The NVIDIA GTC 2018 Keynote Live Blog
by Ryan Smith & Nate Oh on March 27, 2018 11:50 AM EST12:02PM EDT - I'm here at the San Jose Convention Center for NVIDIA's 2018 GPU Technology Conference
12:03PM EDT - Kicking off this first full day of events is of course NVIDIA CEO Jen-Hsun Huang's keynote address, which always moves fast and is packed with major NVIDIA announcements
12:04PM EDT - The show is set to start at 9am, but it typically runs 10 minutes or so late
12:05PM EDT - Jen-Hsun has taken away the tables for the press this year, so we're all doing this on lap-tops, literally
12:05PM EDT - And here we go
12:07PM EDT - It's a long song, it seems
12:07PM EDT - “This is the greatest show”
12:08PM EDT - Joining me remotely today is AnandTech GPU Editor Nate Oh, who is covering photos
12:08PM EDT - WiFi connectivity at GTC is always spotty. But this year is proving worse than most
12:10PM EDT - Okay, and now the song is over and a video is rolling
12:10PM EDT - I think this may be an updated version of last year's video?
12:12PM EDT - "I am AI"
12:12PM EDT - And Jen-Hsun has now taken the stage
12:14PM EDT - Today's topics: amazing graphics, amazing science, amazing AI, and amazing robots
12:14PM EDT - First topic: graphics
12:14PM EDT - Looks like we're starting with photorealism and ray tracing
12:15PM EDT - (Captain Phasma may not have done anything of importance in the movies, but she sure shows up a lot in ray tracing talks thanks to that reflective chrome suit)

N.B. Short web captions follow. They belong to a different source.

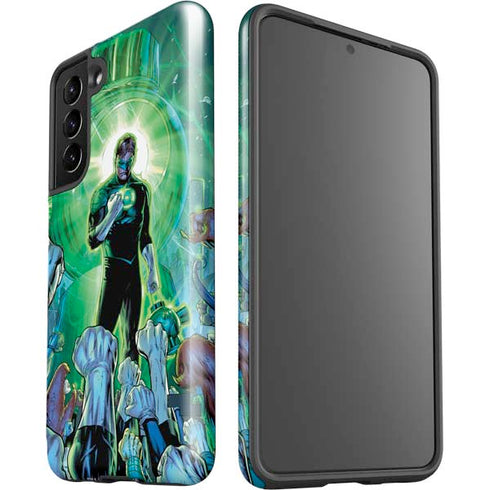 DC Comics Green Lantern Dark Days Cover #4 New 52 Art by Billy Tan Galaxy S21 5G Pro Case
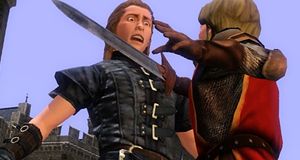 EA kunngjør The Sims: Medieval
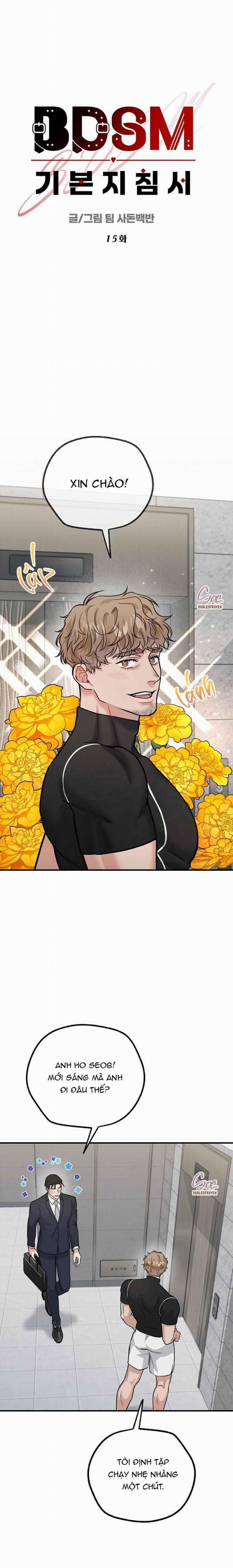 Hướng Dẫn Bdsm Cơ Bản 15 trang 12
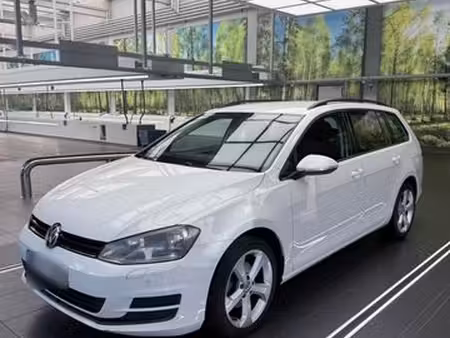 Volkswagen Golf 1.6 TDI 110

12:16PM EDT - Jen-Hsun is noting the amount of compute time required to render a single image for a film, never mind all of the frames
12:17PM EDT - NVIDIA wants to further close the gap between rasterization and ray tracing
12:18PM EDT - Jen-Hsun is going over all the tricks currently used to fake lighting in games/rasterization. Pre-baked lighting, AO shaders, etc
12:19PM EDT - As opposed to real reflections, real transparencies, real global illumination, etc
12:25PM EDT - Sorry for the interruption. WiFi is trying its best to die
12:26PM EDT - Jen-Hsun and his tech are going over everything involved in the Star Wars ray tracing tech demo from last week
12:27PM EDT - NVIDIA and ILM do this in real time on a single DGX Station. So 4 GPUs
12:27PM EDT - Confirming that this is in real time, moving the camera around to prove it
12:28PM EDT - Announcing NVIDIA RTX technology
12:28PM EDT - Perhaps we'll get a more hardware-focused look at last week's RTX announcement?
12:29PM EDT - Announciung Quadro GV100
12:30PM EDT - API support: DirectX Raytracing, NVIDIA OptiX, and Vulkan
12:30PM EDT - Quadro GV100 is the "world's largest GPU"
12:31PM EDT - (It looks like the same size as always)
12:31PM EDT - Confirming NVLink 2 support. 2 connectors on the board
12:31PM EDT - Discussing how two GV100 cards can be teamed together, including shared memory pools
12:32PM EDT - 5120 CUDA cores. 640 tensor cores
12:32PM EDT - 32GB of HBM2 memory
12:33PM EDT - Now back to rendering technology
12:37PM EDT - “The more GPUs to buy, the more money you save”
12:38PM EDT - Discussing the cost benefits of GPU rendering versus a large CPU farm
12:38PM EDT - Now talking about the rise of GPU computing
12:39PM EDT - Discusisng how GPU's have become much more flexible over the years
12:40PM EDT - "We're at the tipping point": of GPU computing
12:41PM EDT - The SJC Convention Center is a packed house. 8500 registrations
12:42PM EDT - "The world needs larger computers"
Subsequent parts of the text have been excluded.